Andert, who has been in the food business for 38 years, says Food Network is what he watches when he’s not at work. It’s his school, his way of staying ahead of the curve. Working with Fieri on Monday was fantastic, he said.
“What you see on TV with him is exactly what he is, he’s got an electric personality,” Noel said. “He’s just a normal kind of guy who’s got a big personality and you can tell he’s got a big heart.”
The host with the frost-tipped hair concentrated on the eatery’s hunter chicken sandwich and meat lover’s pizza with smoked meat. He liked the pizza so much he snagged an extra piece for himself and one for his chauffeur on the way out the door.

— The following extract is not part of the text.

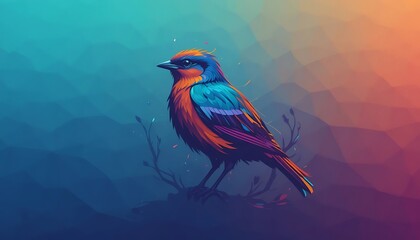 Vibrant Colorful Bird Perched on Branch, Abstract Polygonal Art, Digital Painting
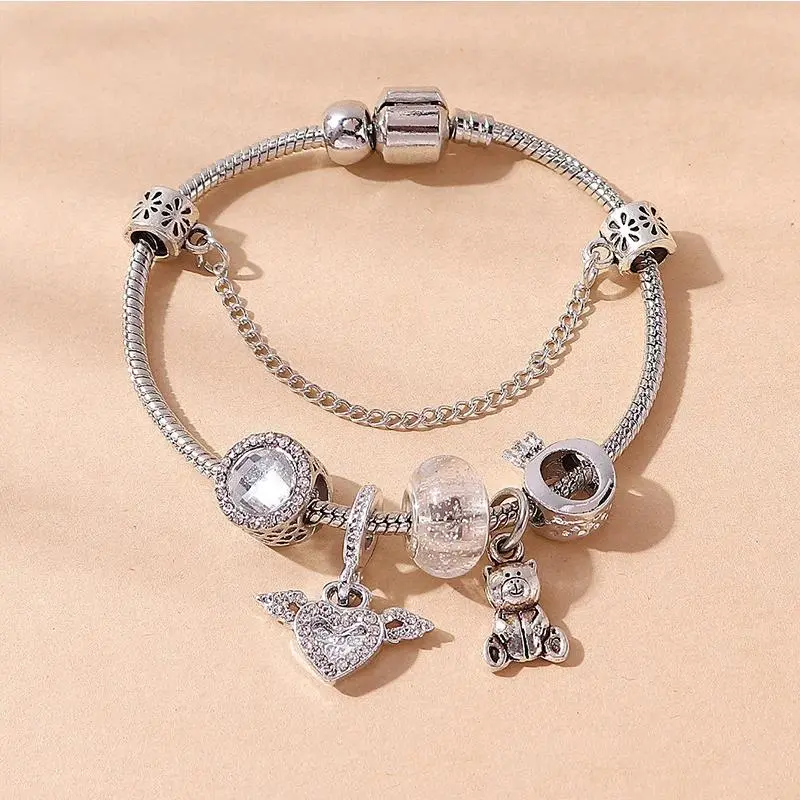 Fashion Copper Bracelet with Bear Pendant – Angel Wings, Crown, and Crystal Beads Charm Jewelry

At the Quarthouse, Fieri focused on the chipotle brisket sandwich and the crispy pork belly.
“He loved that one,” Cherny said. “He had it all over his face.”
While the restaurants are closed to the public during shootings, owners and the show bring in special guests. Thunderbird pilots, who would later fly over the baseball All-Star Game in Minneapolis, were at the Quarthouse along with Douglas County Sheriff Tom Dalbec.
Cherny was almost more nervous about meeting the Thunderbirds than meeting Fieri, but the pilots loved the food.
“I don’t know how they’re going to fit in their little skinny uniforms because they’re all this big,” she said, spanning her hands apart. “I don’t know how they breathe, these boys.”
About three years ago, Cherny decided to move the bar in a new direction. The chef, who launched Savories catering, missed creating food. So she went back to the kitchen, earning a solid base of customers and winning over the taste buds of newcomers.
“Every time I try something new it’s just so good,” said Ashley Evans of Superior, who was present during filming at the Quarthouse Tuesday.
Dalbec said he stops by the bar for food often. He wasn’t surprised the business was picked for the show.
“Surprised it took this long,” the sheriff said.
Cherny mixes flavor combinations in a fun way, relying on fresh ingredients and careful preparation to bring the tastes to life.
“All the food we put out it’s amazing food and people love it and it makes you feel good about yourself to actually be part of that,” said Harley Kiehl, head cook at the Quarthouse.
Shorty’s was chosen for filming even though it’s only been in business for 11 months. One cameraman told Noel that he’s filmed 252 different restaurants for the show, but less than a handful had been open for less than a year.
One of the things the two restaurants have in common is a commitment to fresh, homemade food. The mashed potatoes at Shorty’s are the real deal and every dressing and sauce is made from scratch. The menu ranges from a BLT to coconut-curry shrimp, each item tried, tested and customer-approved. Nothing is on the menu just to round it out, Noel said. Shorty’s brings some of his Canadian favorites, like Montreal smoked meat, to Superior and offers hearty, classic fare.
“We just want to stay down to earth and keep putting out good stuff,” Andert said.
Fieri’s film crew, minus the host himself, shot at the Anchor Bar and Grill about four years ago. It was, said co-owner Adam Anderson, a free, nationwide, three-minute commercial that gave the business a boost.
“We’ve always been steady,” he said. “After they came it was steady for longer.”
The Food Network exposure attracted more tourists to the eatery as well as area residents who hadn’t realized it was there. Anderson’s advice to Noel and Cherny was to be prepared for the rush.
“It’s going to change a lot,” he said. “It’s good but then sometimes it can turn around on you.”
Neither owner knew when their segment would air, but Kiehl was told they usually run about three to six months after filming.